To, co twórcy robią ze Stannisem, woła o pomstę do nieba nie tyle z powodu nietrzymania się książkowego pierwowzoru, ile z powodu niekonsekwencji w prowadzeniu tego bohatera. W drugim sezonie wszystko było w porządku; Stannis był dobrze wprowadzony i rozwinięty, miał swoją głębię oraz interesujące relacje z Melisandre i Davosem. Trzeci sezon radził już sobie z tym nieco gorzej - można było znaleźć parę jasnych punktów w jego rozwoju (Shireen), ale jednocześnie pojawił się też jeden spory zgrzyt ("od tak" rzucony wyrok śmierci). W czwartym sezonie Stannis prawie nie występował, więc tu raczej panował zastój (wzmocniono tylko jego więź z córką).
Na tle tych dwóch poprzednich sezonów, piąty wydawał się być prawdziwym objawieniem pod względem ewolucji Stannisa. Wydawało się, że twórcy wreszcie mają pomysł na jedną z kluczowych postaci sagi. Uwydatnili jego istotne cechy, dzięki którym jest tak interesującym, wielowymiarowym bohaterem/antybohaterem (upór; bezlitosne dążenie do praworządności; skłonność do uszczypliwości; inteligencja); na dodatek scenarzyści po raz kolejny rozwinęli jego relację z córką i obdarzyli go ciekawą więzią z Jonem Snow; pokazali także, że jako jedyny z władców chce bronić królestwa przed Innymi, największym zagrożeniem dla Westeros.
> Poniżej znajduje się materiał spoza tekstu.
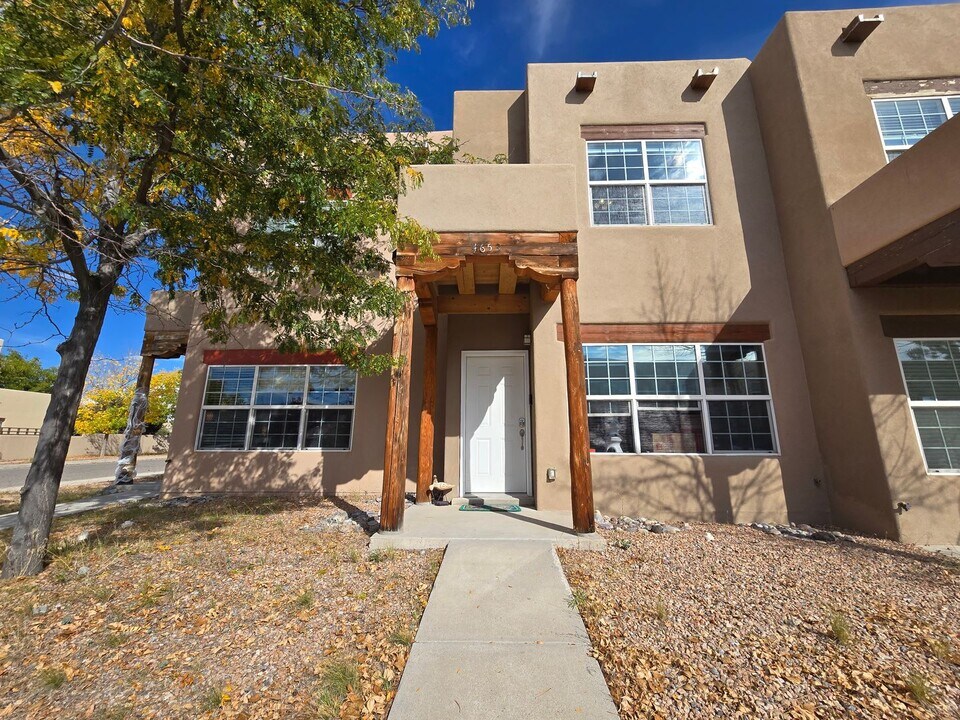 4653 Camino Cuervo in Santa Fe, NM - Building Photo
To wszystko było bardzo potrzebne, bo po śmierci Robba Starka nie ostał na kontynencie ani jeden lider, którego losy chciałoby się śledzić; któremu można było choć trochę kibicować.
Okazało się jednak, że ten cały, całkiem zgrabnie poprowadzony wątek miał jedynie prowadzić do „szokującej” kulminacji. Scena śmierci Shireen to jeden wielki szantaż emocjonalny i jedna z najokrutniejszych, najstraszniejszych scen, jakie widziałem w życiu. Twórcy wzięli sobie za punkt honoru, by zszokować widza; niestety kłóci się to z całym dotychczasowym rozwojem Stannisa. Gdzie się podział jego upór, który był wielokrotnie podkreślany, szczególnie w siódmym odcinku? Stannis bez zastanowienia postanowił spalić swą własną córkę – gdzie się podziała jego więź z Shireen? W trzecim sezonie Stannis miał wątpliwości co do spalenia Gendry’ego – nieznanego chłopca z nizin (dlatego poszedł uwolnić Davosa z więzienia). Bez zająknięcia poświęcił natomiast własną córkę; córkę, która znaczyła dla niego tak wiele. Ich więź była kilkakrotnie podkreślana, zatem scena egzekucji bez dużych wątpliwości z jego strony wypada nierealnie (szczególnie że w ostatnim odcinku bez wahania odprawił Melisandre). No i na koniec – gdzie się podziała jego inteligencja i praworządność? Zabicie jedynego dziedzica jest idiotycznym ruchem; okrutna egzekucja córki – barbarzyństwem, które przyniesie jedynie niechęć ludu wobec władcy.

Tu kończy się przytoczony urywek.